Spain's long-term borrowing costs eased on Thursday in a bond sale, authorities said, a further sign of strengthening confidence in the country as it hopes to crawl out of recession.

Borrowing costs drop in Spanish bond bonanza
The Madrid stock exchange building. Photo: Tomás Fano

The rate of return demanded by investors for the benchmark 10-year bond — a key measure of confidence in the eurozone's fourth-biggest economy — edged close to the record low level reached in 2010, the Bank of Spain said in a statement.

Investors snapped up more than €4 billion ($5.29 billion) in total, overshooting the Treasury's target of three or four billion euros, with demand for the bonds more than double the amount on offer.

The Treasury sold €2.41 billion of 10-year bonds, with the rate of return falling to 4.50 percent from 4.72 percent in the last comparable auction on July 18.

That brought the key rate closer to the record low of 4.14 percent reached in September 2010.

It also sold just under €1.6 billion worth of five-year bonds, with the rate falling to 3.48 percent from 3.56 percent in the last comparable sale on August 1.
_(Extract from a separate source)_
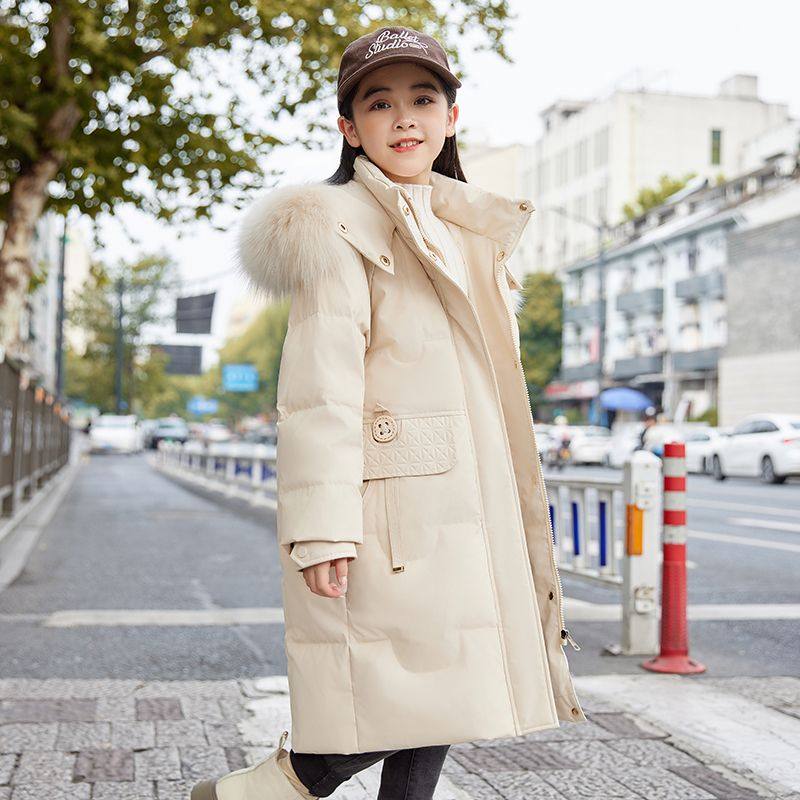 女童羽绒服2024新款洋气中大童加厚中长款过膝休闲白鸭绒冬装外套,童装/婴儿装/亲子装,棉袄/棉服,淘宝优惠券,粉丝福利购,淘宝优惠卷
Spain's soaring borrowing costs last year raised fears for the overall stability of the eurozone but the conservative government resisted speculation that it would seek a full euro zone bailout and financial tensions have since eased.

The pace of economic contraction eased in the second quarter of this year and the government and central bank now expect the country to return to economic growth in the current quarter.

The Madrid stock exchange rose slightly after Thursday's sale, with the IBEX-35 leading share index 0.39 percent higher in early afternoon trading.